● Entries shown:

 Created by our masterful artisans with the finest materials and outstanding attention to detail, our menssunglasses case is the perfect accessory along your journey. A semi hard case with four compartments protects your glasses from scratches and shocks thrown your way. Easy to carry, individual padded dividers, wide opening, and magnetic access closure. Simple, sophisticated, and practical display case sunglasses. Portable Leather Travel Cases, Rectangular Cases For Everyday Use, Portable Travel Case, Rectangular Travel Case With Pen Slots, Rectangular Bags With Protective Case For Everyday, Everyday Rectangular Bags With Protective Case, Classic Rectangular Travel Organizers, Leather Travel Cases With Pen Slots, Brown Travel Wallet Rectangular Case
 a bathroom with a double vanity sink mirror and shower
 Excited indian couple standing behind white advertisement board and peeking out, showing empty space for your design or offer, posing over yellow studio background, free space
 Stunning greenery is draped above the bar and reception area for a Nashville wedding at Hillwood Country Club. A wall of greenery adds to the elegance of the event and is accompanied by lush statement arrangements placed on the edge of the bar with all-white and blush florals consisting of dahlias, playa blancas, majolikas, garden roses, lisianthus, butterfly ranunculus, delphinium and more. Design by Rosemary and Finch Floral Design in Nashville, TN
* * *
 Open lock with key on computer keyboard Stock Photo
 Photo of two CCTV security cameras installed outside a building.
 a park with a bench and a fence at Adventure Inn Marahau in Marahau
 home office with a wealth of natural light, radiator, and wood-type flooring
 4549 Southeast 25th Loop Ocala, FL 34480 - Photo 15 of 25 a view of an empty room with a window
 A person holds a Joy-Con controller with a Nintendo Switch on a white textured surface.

● Task brief: Filter the records for the string "Photo" and copy every line that holds it.

● Solution for this problem:
 Open lock with key on computer keyboard Stock Photo
 Photo of two CCTV security cameras installed outside a building.
 4549 Southeast 25th Loop Ocala, FL 34480 - Photo 15 of 25 a view of an empty room with a window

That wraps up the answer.